I like emojis. I use them in texts (probably too much), on Facebook, Instagram, and Snapchat.  These harmless little graphics provide an extra bit of flair and punch to my sometimes corny sense of humor, so I am quite happy to use them whenever I can.

While I am, unabashedly, a fan of emojis, I wonder if we are in danger of relying on them, and the ever-present “thumbs up,” a bit too much, of using them as inferior substitutions for expressing genuine, serious emotion.

If you have a Facebook page, I’m sure you’ve read the occasional sad and somber post from friends or family.  Perhaps they’re marking the anniversary of a loved one’s death, announcing a family crisis or sharing the news of a personal illness. I understand the need to share these things even if it is through a cold, unfeeling computer screen.  I think we all need outlets to get things off our chest, another platform where we can potentially find additional comfort and support.  I have no problem with that, after all, it’s up to people what they want to share on their Facebook wall.

What I do find disturbing is the increasingly acceptable trend of responding to posts of grief, sadness, or serious life events with a thumbs up, a thumbs down, or a sad face emoji.

Initially,  I didn’t  know what to make of it when someone thumbed up a post expressing what could only be described as bad or tragic news. It was very confusing.  Were they giving the thumbs up to the bad news? If so, who wants a friend like that? Of course, it didn’t take long to figure out they were actually trying to show support by liking the sentiment behind the post rather than the event that inspired it.  Still, and perhaps I’m just a stick-in-the mud, I don’t think a sad face or thumbs up is an appropriate reaction to some of the posts I’ve seen on my Facebook wall.

The whole idea that we now find it acceptable to post a sad face in response to “RIP Grandma, you will be missed,” is very odd.  It doesn’t seem enough.  A sad face in response to the death of a loved one?  A thumbs up to, “Spending our last day with Fluffy, faithful companion.  We’ll make it a good one.”?  It seems to demean and trivialize the sad and significant.  It is dismal to think we are more and more comfortable expressing our empathy by clicking on a pre-designed, graphic representation of the applicable emotion rather than reaching out personally to express our empathy.

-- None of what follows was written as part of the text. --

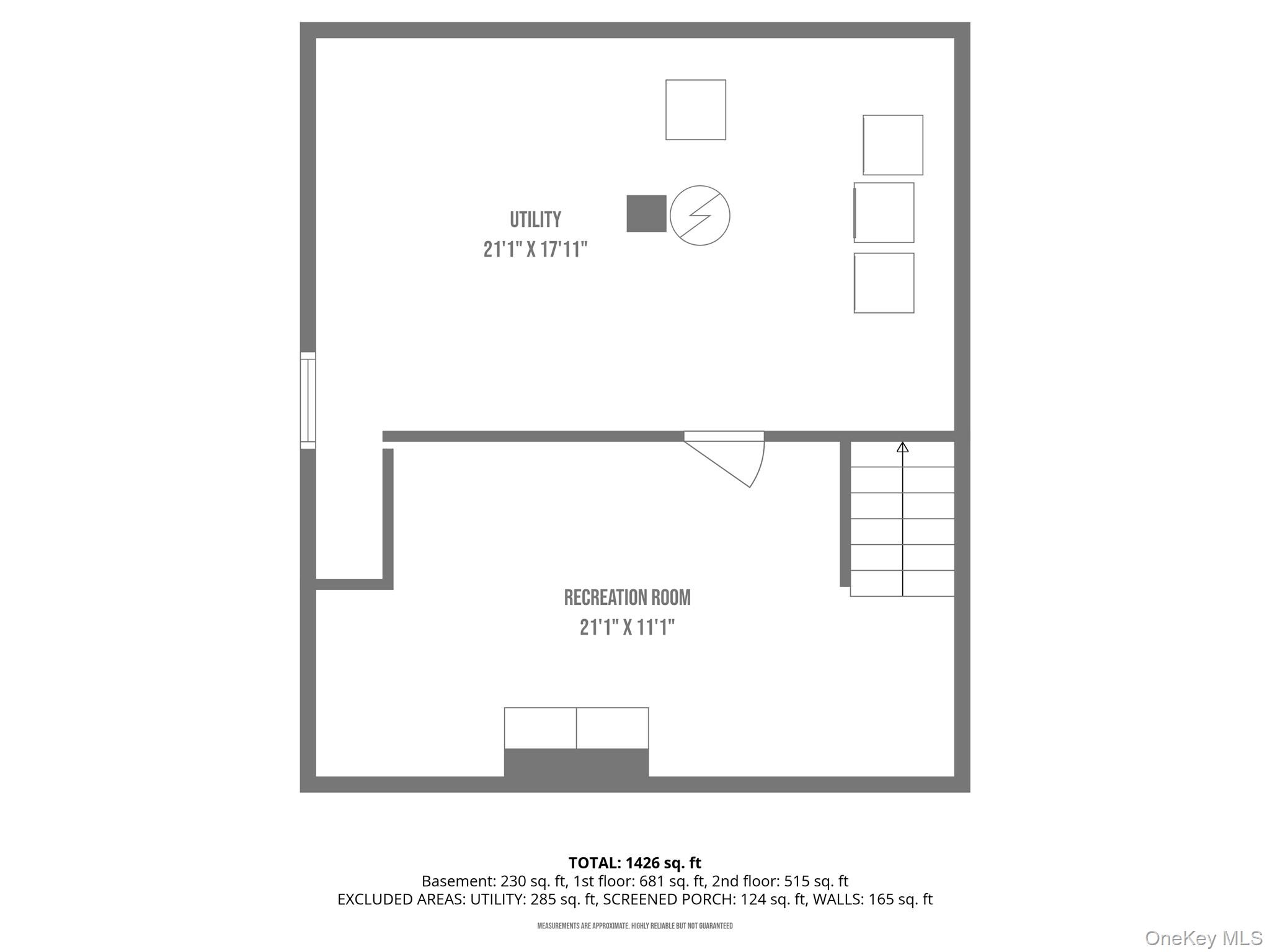 1 & 2 Finnin Place, Bayville, NY 11709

I keep hoping this trend will dissipate a bit, that perhaps we will return to a more respectful and caring way of responding to our friends and family who may be in distress. Unfortunately, I don’t think that’s going to happen. Who knows. In the future, maybe we’ll resort to communicating through thumbs up and thumbs down in all situations or perhaps we can just carry emoji flash cards with us at all times and whip out the appropriate emotional response when faced with someone else’s bad news. I exaggerate, I know. Still, we don’t seem to be bothered by the idea that not only do many of us spend more time engaged with our various electronic devices than we do with our family, we’ve now made it acceptable to respond to serious, life-changing events with the most trivial of gestures. And that, in my opinion, is just :(.